Sore itu tumben perut sudah terasa lapar. Biasanya nanti agak malam mulai terasa laparnya. Di saat warung-warung makan sudah tutup, di saat para penyedia jasa penyaji makanan favorit sudah tak lagi beroperasi biasanya baru terasa lapar. Kulihat jam menunjukkan waktu 17.00 WITA. Langit mendung, walaupun sudah jarang hujan.

Niat hati mau keluar rumah cari bebek goreng, makanan favorit saya. Daripada nanti pulang kehujanan, atau terjebak hujan, kuputuskan pergi menggunakan mobil saja. Walaupun terasa aneh saja pergi sendirian menggunakan mobil. Biasanya saya lebih memilih menggunakan motor untuk sekedar cari makan di warung. Tak lama sayapun segera cuzz… menuju TKP.

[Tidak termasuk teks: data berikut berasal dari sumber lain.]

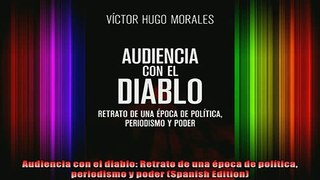 DOWNLOAD FULL EBOOK  Audiencia con el diablo Retrato de una época de política periodismo y poder Spanish Full Free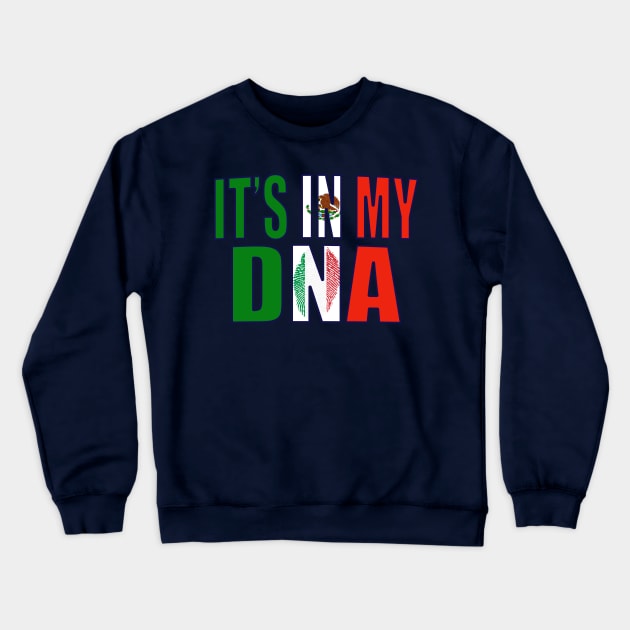 Mexican And Italian DNA Mix Flag Heritage Gift Crewneck Sweatshirt by Just Rep It!!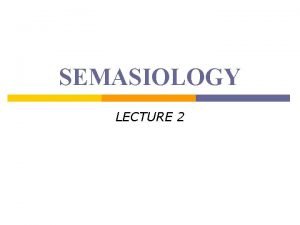 SEMASIOLOGY LECTURE 2 SEMASIOLOGY 1 2 Approaches to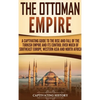 The Ottoman Empire: A Captivating Guide to the Rise and Fall of the Turkish Empire and Its Control Over Much of Southeast Europe, Western Asia, and No - Hardcover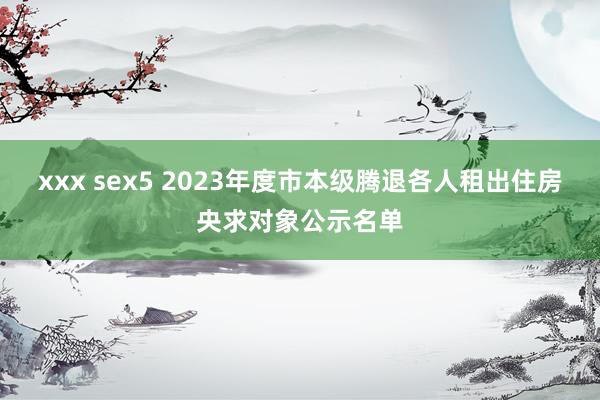 xxx sex5 2023年度市本级腾退各人租出住房央求对象公示名单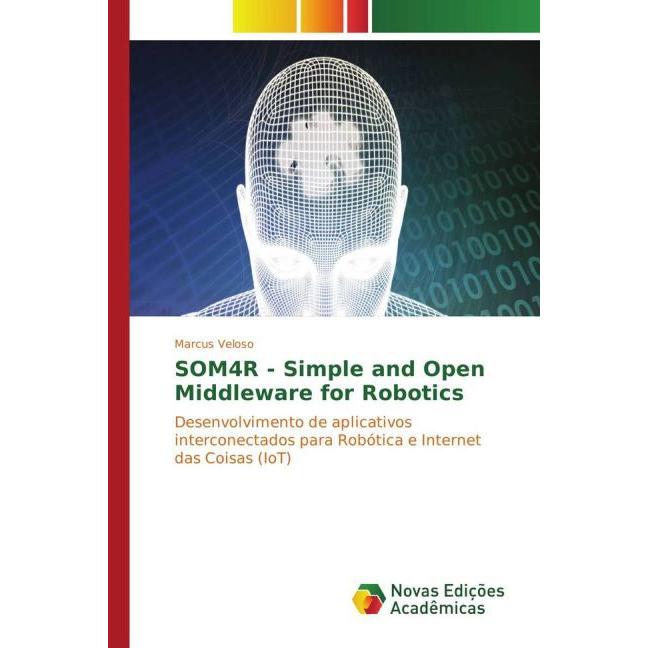 SOM4R - Simple and Open Middleware for Robotics, Fachbücher von Marcus Veloso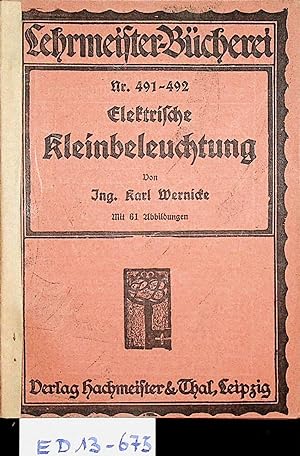 Elektrische Kleinbeleuchtung. (= Lehrmeister-Bücherei ; Nr 491-492)
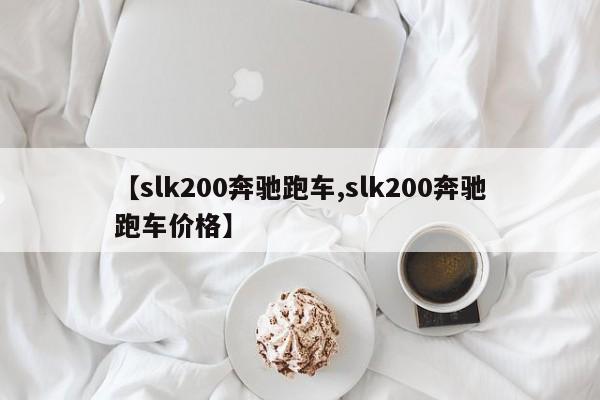 【slk200奔驰跑车,slk200奔驰跑车价格】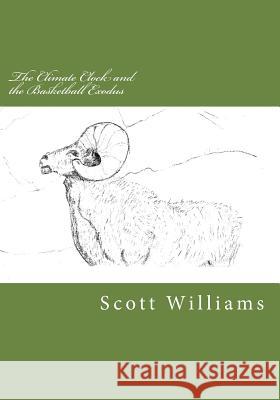 The Climate Clock and the Basketball Exodus Scott Williams 9781530397297 Createspace Independent Publishing Platform - książka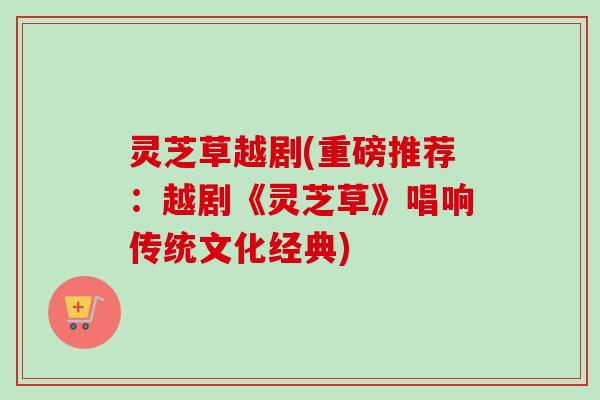 灵芝草越剧(重磅推荐:越剧《灵芝草》唱响传统文化经典) 灵芝草越剧(重磅推荐:越剧《灵芝草》唱响传统文化经典)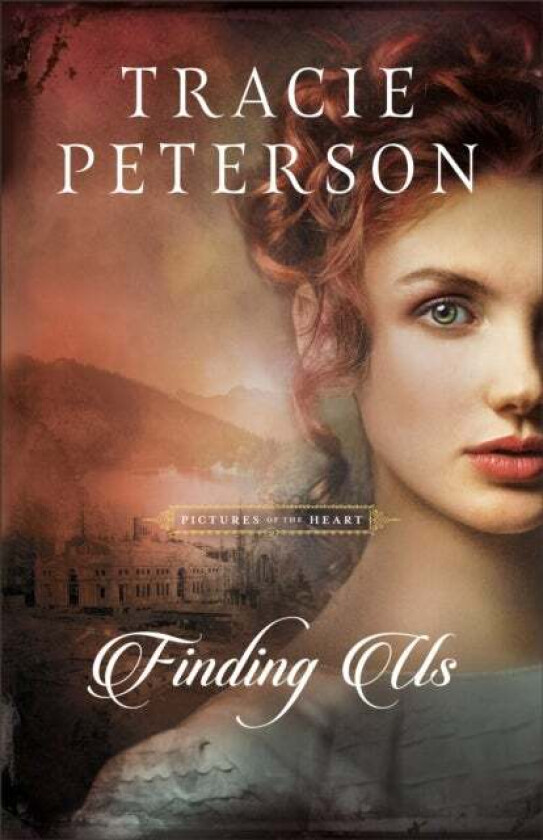Finding Us av Tracie Peterson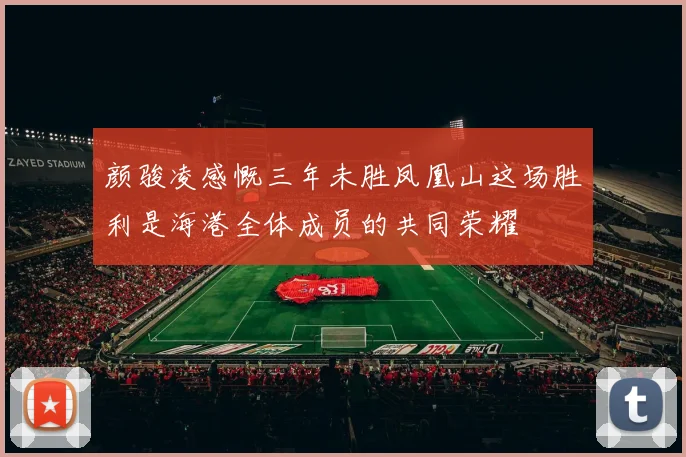 颜骏凌感慨三年未胜凤凰山这场胜利是海港全体成员的共同荣耀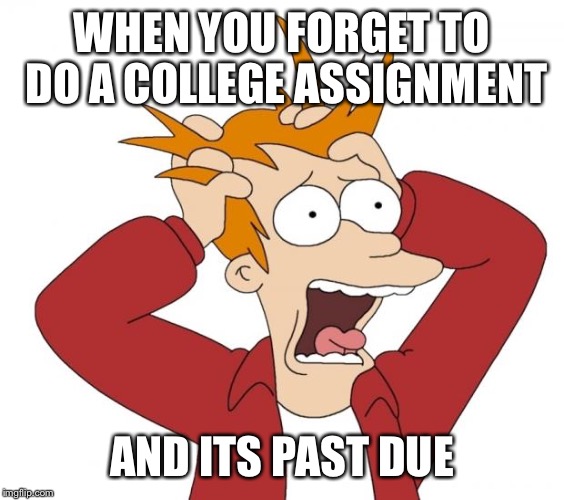 Panic | WHEN YOU FORGET TO DO A COLLEGE ASSIGNMENT; AND ITS PAST DUE | image tagged in panic | made w/ Imgflip meme maker
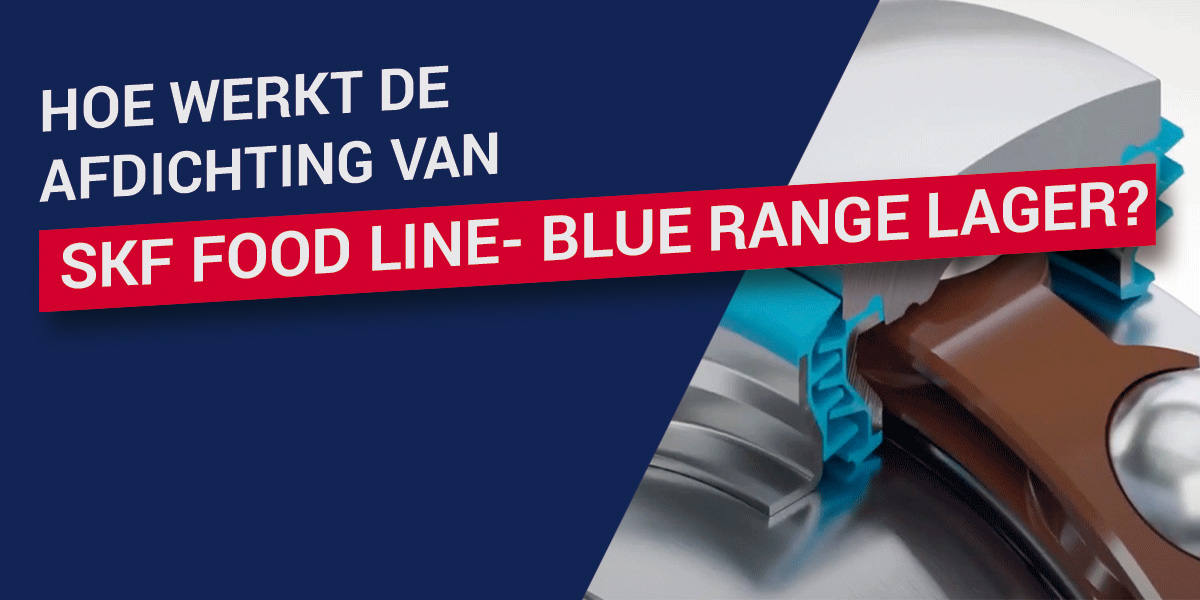 Hoe werkt de afdichting van SKF Food Line - Blue Range lager?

Gerimis mulai menitikkan air di kaca mobil. Tempat jualan bebek penyet itu lumayan jauh dari rumah. Benar sudah keputusan untuk tidak bermotor menuju ke sana. Bisa basah kuyup kedinginan nanti. Niat mau cari kehangatan bebek goreng malah jadi kedinginan oleh kuyup air hujan.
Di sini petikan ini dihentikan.